Jens: I am not an IT expert, and perhaps there is a lot for me to learn here, but from my current standpoint, if an IT system at one point measures blood pressure, and another IT system at another place measures blood pressure, if I am to use these two datapoints because it is of clinical value, I need to have some kind of verified information around that it is actually the same blood pressure. That it is measured at the same arm, same time, at the same patient. At the moment, I cannot see how AI or blockchain can help me give this information on an easier level compared to us coming together and giving each other this information via our IT systems. But maybe my imagination is limited.

Leo: Future uses of health data open up for some exciting opportunities, and that is why in conclusion I would like to ask you, what kind of usage do you envisage for health data, that do not exist today? I do not expect an answer from the point of IT, I expect the answer from the point of functionality. What will clinicians need, and what is it they will be able to do?

Jens: I think that in many areas clinicians and patients will ask for much more granulated data.
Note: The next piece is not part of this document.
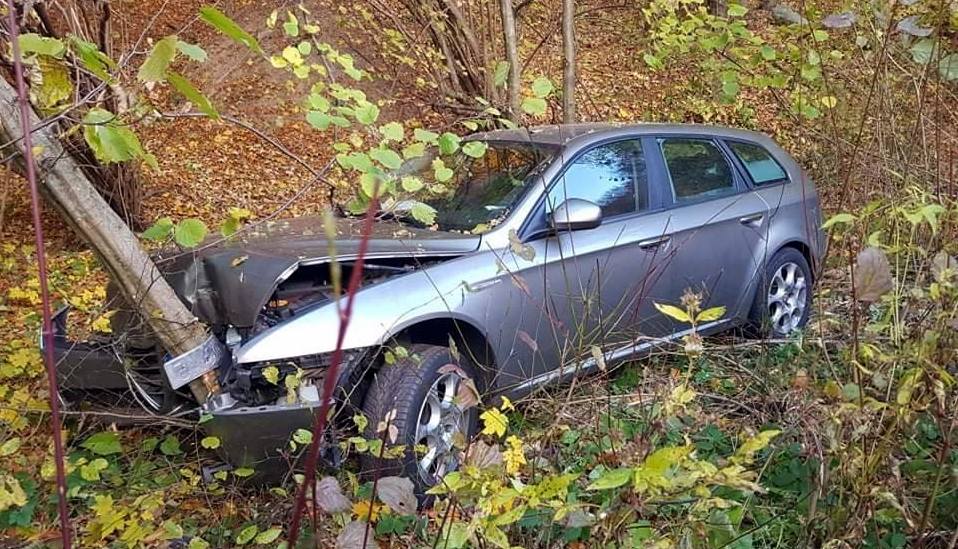 SOLINA. Stracił panowanie nad pojazdem i wjechał w drzewo. Jechał z rocznym dzieckiem [ZDJĘCIA] - Zdjęcie główne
Personally, I am encouraged by health data that I get from my portable devices, and I think that in terms of developing yourself as a clinician, in terms of ‘how do I become a better doctor’, ‘how do I become a better nurse’, I think we will move into those directions as well, and I think the patients will ask for the same.

What is the quality of the healthcare that I am giving? How can I make better use of data that are stored around me in these big systems, to develop my navigation capacity, if I am a patient? What I say here is not a revolution. But it brings us to a very concrete vision for a system that is capable to support a patient in a meaningful way. Also, let’s pose a general question: why can I not have a copy of my own health data? I would like to have this copy. I will use it together with another data to make my living better. We are unable to support that at the moment, but I think the demand for it will grow.

Leo: When you think this functionality will be implemented in Denmark? In what kind of time span? Are we talking ten years or are we talking two years?

Jens: Probably more ten years than two years. Some of these issues require technological development, but as I said there is a huge amount of data that is stored under my CPR (Danish national ID) in the current databases. Giving me access to them is not a technical issue. That can be done. It comes down to political will.